Когда я собирался уходить, в гостиную вернулась статс-дама принцессы – она забыла чудные гвоздики из Германта, которые герцогиня подарила принцессе Пармской. Лицо у статс-дамы пошло красными пятнами – как видно, ей досталось от принцессы, которая со всеми была очень мила, но у которой лопалось терпение от бестолковости компаньонки. Статс-дама подхватила гвоздики и впопыхах направилась к выходу, но, чтобы не уронить своего достоинства и чтобы все видели, что она не утратила обычной своей строптивости, она, проходя мимо меня, проворчала: «Принцесса меня торопит: ей хочется, чтобы мы уже ехали, но и чтобы гвоздики были у нее в руках. Ну а я не птичка, порхать с ветки на ветку не умею».

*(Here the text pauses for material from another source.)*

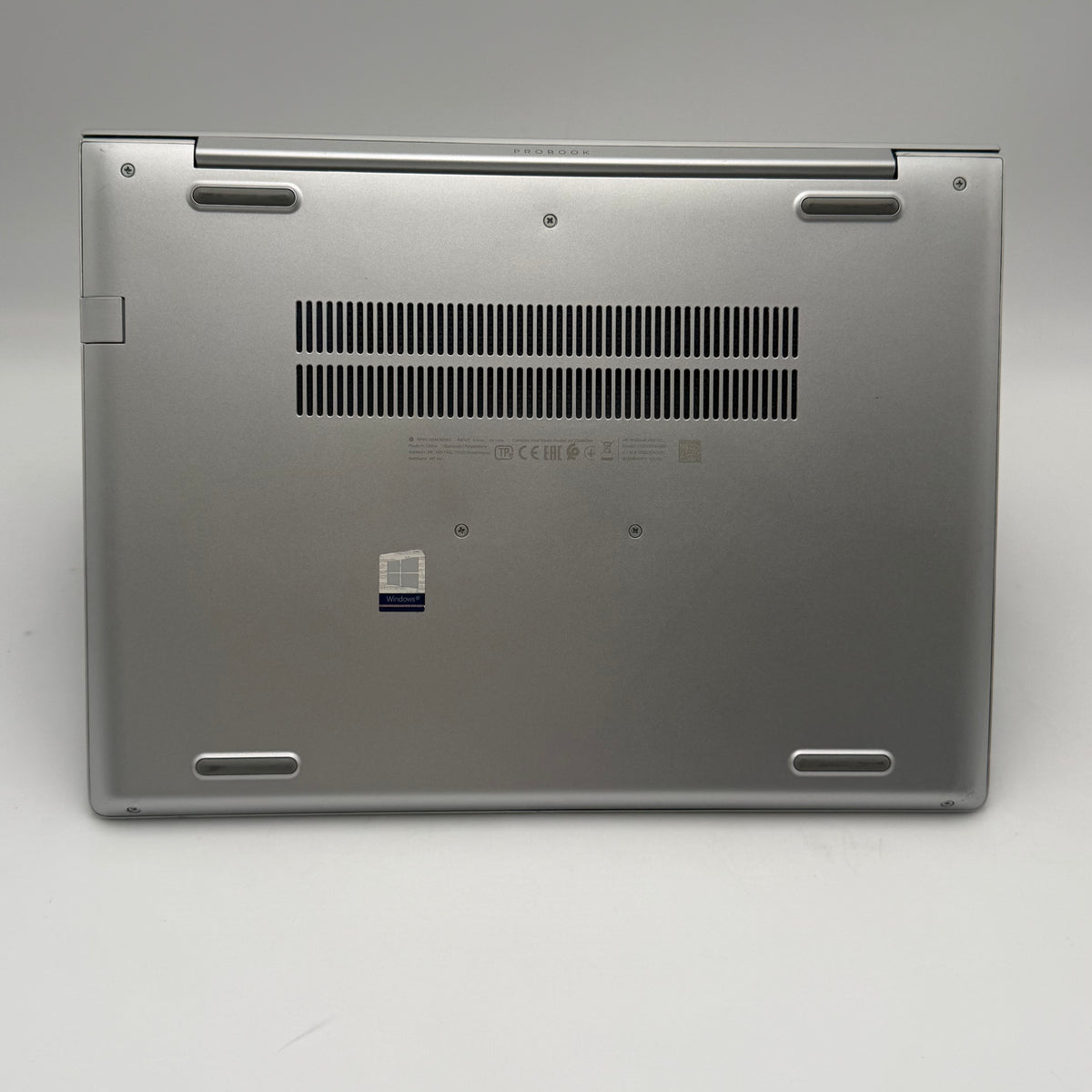 HP ProBook 445 G7 Laptop AMD Ryzen 5 8GB RAM 256GB Silver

Увы! Правило, согласно которому нельзя было уходить раньше высочеств, являлось не единственной причиной того, что меня не пускали. Я не мог уйти сейчас же, так как была еще одна причина: дело в том, что пресловутая роскошь, которая была чужда Курвуазье, но которой Германты, как обеспеченные, так и оскудевшие, обожали угощать своих друзей, – это была не только роскошь материальная, но и – в этом я не раз убеждался во время бесед с Робером де Сен-Лу – роскошь ласкающих слух речей, приятности в обхождении, словесное изящество, порожденное неоспоримым душевным богатством. Но светская жизнь – жизнь праздная, и потому это богатство не находило себе применения, однако время от времени оно прорывалось, искало выхода в кратковременных излияниях, тем сильнее волновавших, что оно давало повод думать, будто герцогиня Германтская питает к вам нежные чувства. Впрочем, герцогиня изливала душу только в тех случаях, если душа у нее бывала переполнена, – тогда, в обществе своего приятеля или приятельницы, она приходила в состояние, близкое к опьянению, но только совсем не к чувственному, – так иных опьяняет музыка; герцогиня могла отколоть от своего корсажа цветок или снять медальон и подарить их тому, с кем ей хотелось пробыть весь вечер, хотя она с грустью думала о том, что время пройдет в пустой болтовне, в которую не перейдет ничего от бурной, хотя и быстролетной, радости, напоминающей то блаженство, какое получаешь от первого весеннего тепла: когда эта радость и блаженство проходят, в душе остаются томление и печаль. Ну а приятелю не надо было слепо верить обещаниям, хотя бы они пьянили сильнее всех, какие он когда-либо слышал, хотя бы их давала женщина, которая, с поразительной остротой ощущая сладость мгновения, творит из него благодаря своей чуткости и великодушию, не свойственным людям обыкновенным, настоящее произведение искусства, умиляющее своею прелестью и добротой, но которая мгновение спустя уже ни на что не способна. Нежные чувства этой женщины живут не дольше вызвавшего их волнения, а проницательный ее ум, подсказавший ей тогда все, что вам хотелось от нее услышать, и все, что ей надо было вам сказать, по прошествии нескольких дней поможет ей так же тонко подметить ваши смешные черточки и посмеяться над ними с другим ее гостем, с которым она насладится еще одним столь кратким «музыкальным моментом»!
[505]
В передней я попросил лакеев подать мне ботики, которые я надел из предосторожности, так как, когда я выходил из дому, падал снежок, тут же таял и превращался в слякоть, но я не сообразил, что это не очень элегантно, и теперь, заметив, что все глядят на меня с презрительной улыбкой, мне стало неловко; когда же я увидел, что принцесса Пармская еще не уехала и следит за тем, как я надеваю эту американскую обувь, то я готов был провалиться сквозь землю от стыда. Принцесса подошла ко мне.